**What you should do:**
Leave out every picture, and output exactly the lines from the line containing "XLDZ Camino de" through the last line of the data.

**Source data:**
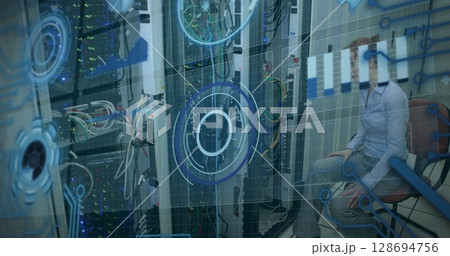 Image of processing circle over data and caucasian woman checking computer wires 128694756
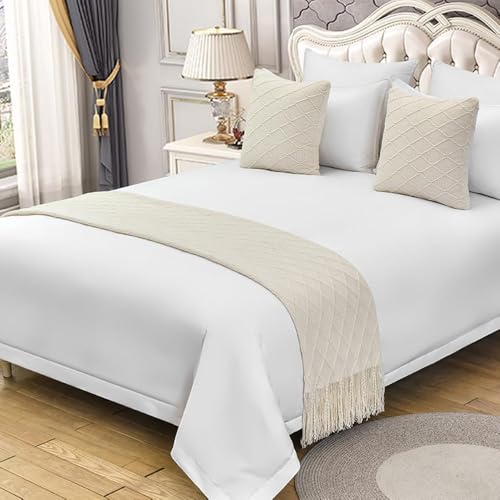 XLDZ Camino de cama de punto suave y agradable al tacto y almohadas a juego con patrón de diamantes, manta para cama de hotel y decoración versátil del hogar (beige, 210 x 60 cm para cama de 1,5 m)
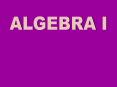 ALGEBRA I PowerPoint PPT Presentation
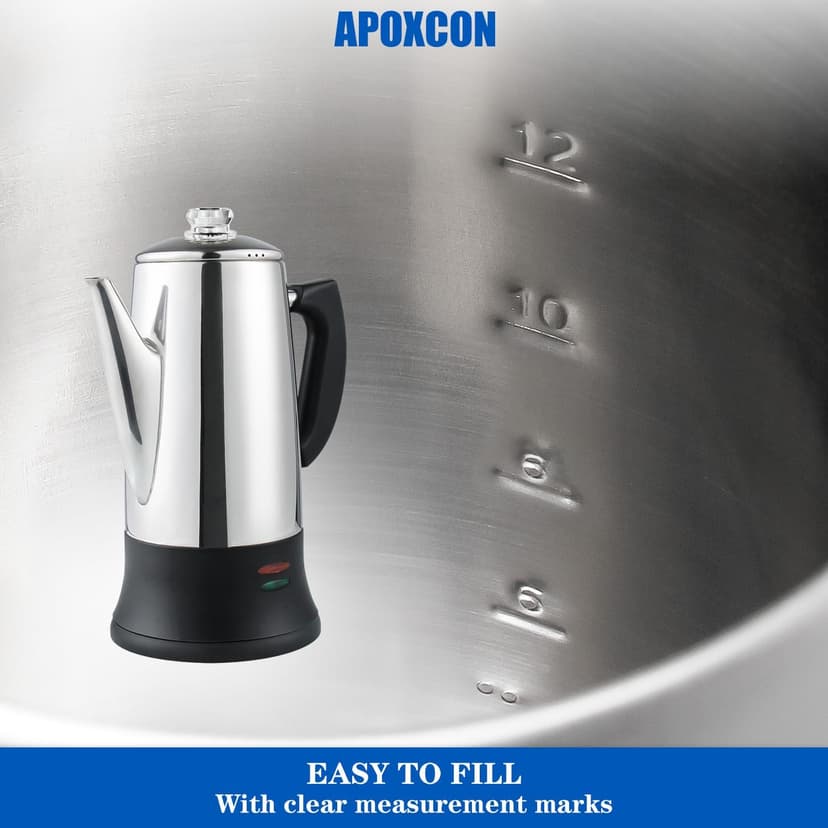 Electric Coffee Percolator Stainless Steel Coffee Maker with Heat Resistant Tough Glass Clear Brew Progress Knob, Keep Warm & Cordless Serving Classic Coffee Pot with On/OFF Switch 12 Cup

**Solution to this task:**
 XLDZ Camino de cama de punto suave y agradable al tacto y almohadas a juego con patrón de diamantes, manta para cama de hotel y decoración versátil del hogar (beige, 210 x 60 cm para cama de 1,5 m)
 ALGEBRA I PowerPoint PPT Presentation
 Electric Coffee Percolator Stainless Steel Coffee Maker with Heat Resistant Tough Glass Clear Brew Progress Knob, Keep Warm & Cordless Serving Classic Coffee Pot with On/OFF Switch 12 Cup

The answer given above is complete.